Task to complete:
This exercise calls for the data below to be retyped exactly, minus any images.

Crawled caption data:
_ _ _

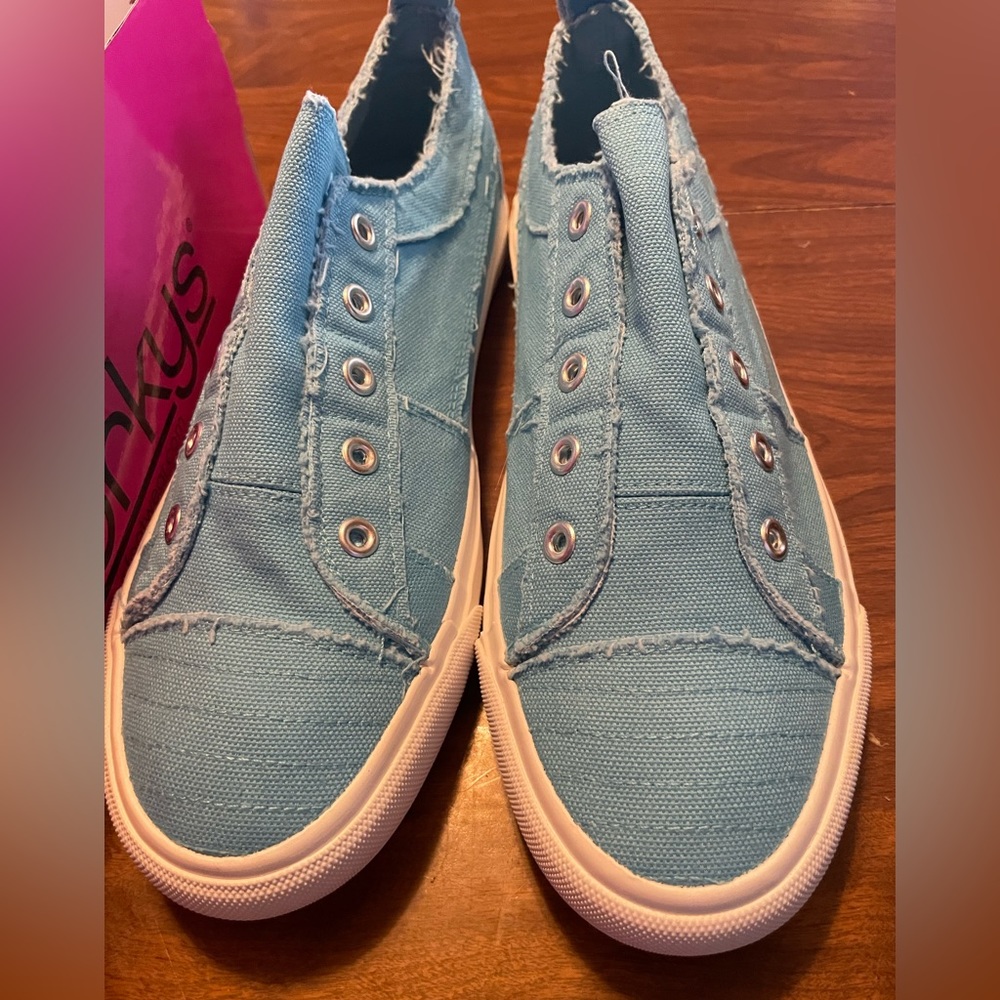 Corkys babalu light blue slip on shoe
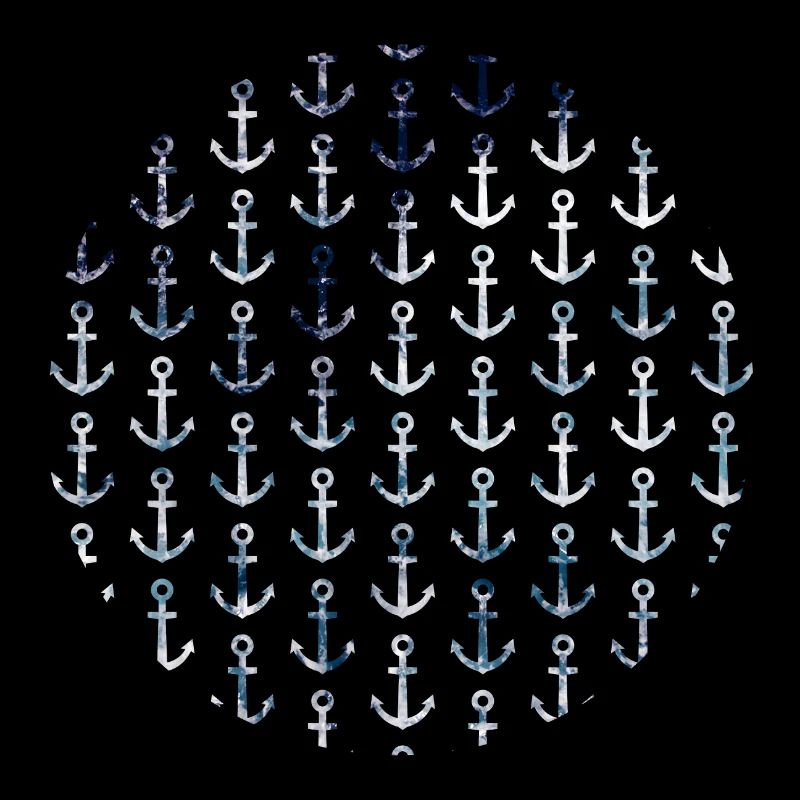 Maritime anchor pattern in circular shape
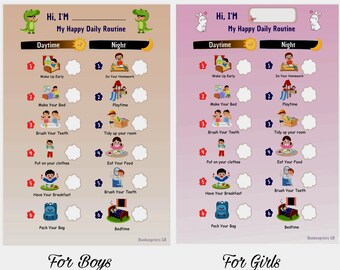 Tableau des routines quotidiennes des enfants : thèmes des dinosaures et des lapins (PDF A2)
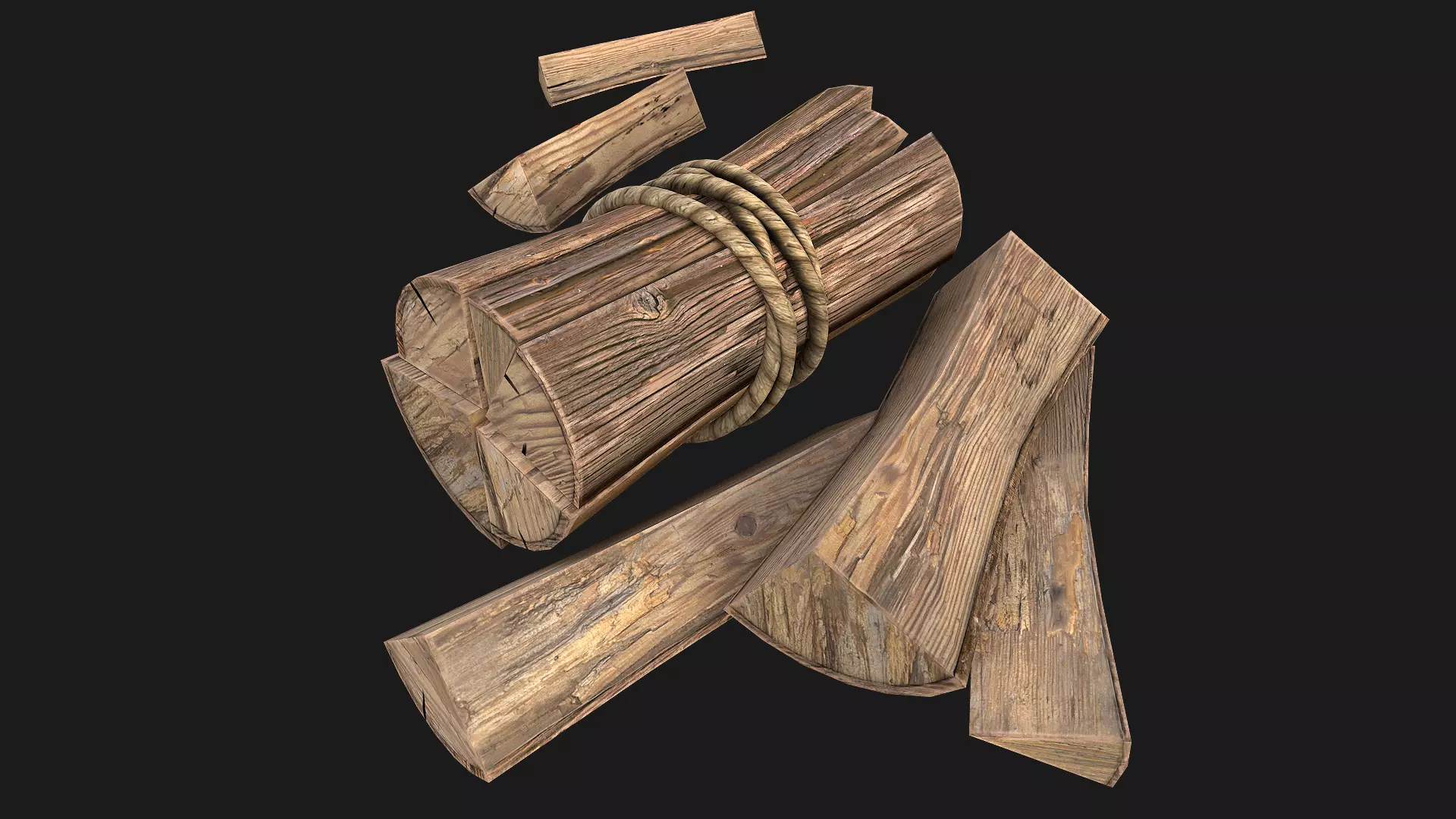 Bundle Of Firewood Low-poly 3D model_0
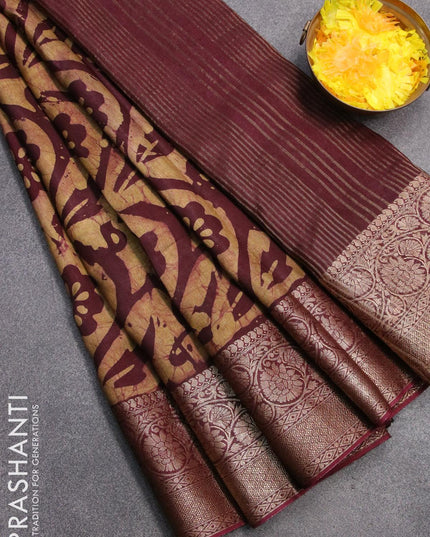 Semi dola saree brown and beige with allover batik prints and kanjivaram style border - {{ collection.title }} by Prashanti Sarees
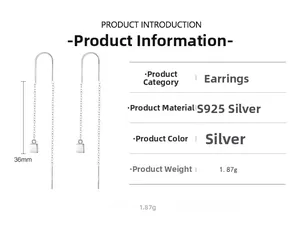 Detailed specs of S925 silver geometric ear threader weighing 1.87g and 36mm long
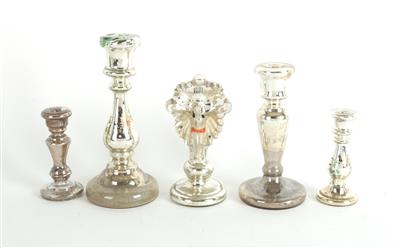 Konvolut Bauernsilber, Kruzifix und 4 unterschiedliche Kerzenleuchter, - Summer auction Antiques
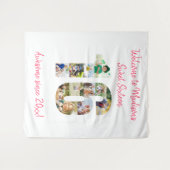 16e verjaardagsfeestje Fotocollage Roze achtergron Wandkleed (Voorkant (horizontaal))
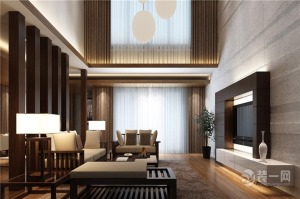上海东渡青筑128平米三居室日式风格客厅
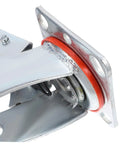 Heavy Duty 4 Inch Swivel Caster Bracket With Sure Grip Brake Lock and Quick Turn Wheel Frame showing durable steel mount design.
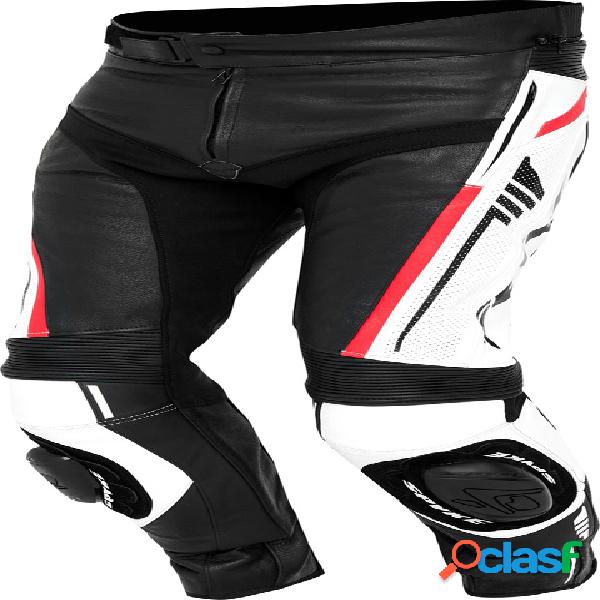 Pantaloni moto pelle Spyke MISANO RS Nero Bianco Rosso Fluo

_ _ _

Your response:
 Corkys babalu light blue slip on shoe
 Maritime anchor pattern in circular shape
 Tableau des routines quotidiennes des enfants : thèmes des dinosaures et des lapins (PDF A2)
 Bundle Of Firewood Low-poly 3D model_0
 Semi dola saree brown and beige with allover batik prints and kanjivaram style border - {{ collection.title }} by Prashanti Sarees
 Detailed specs of S925 silver geometric ear threader weighing 1.87g and 36mm long
 Konvolut Bauernsilber, Kruzifix und 4 unterschiedliche Kerzenleuchter, - Summer auction Antiques
 16e verjaardagsfeestje Fotocollage Roze achtergron Wandkleed (Voorkant (horizontaal))
上海东渡青筑128平米三居室日式风格客厅
 Heavy Duty 4 Inch Swivel Caster Bracket With Sure Grip Brake Lock and Quick Turn Wheel Frame showing durable steel mount design.
 Pantaloni moto pelle Spyke MISANO RS Nero Bianco Rosso Fluo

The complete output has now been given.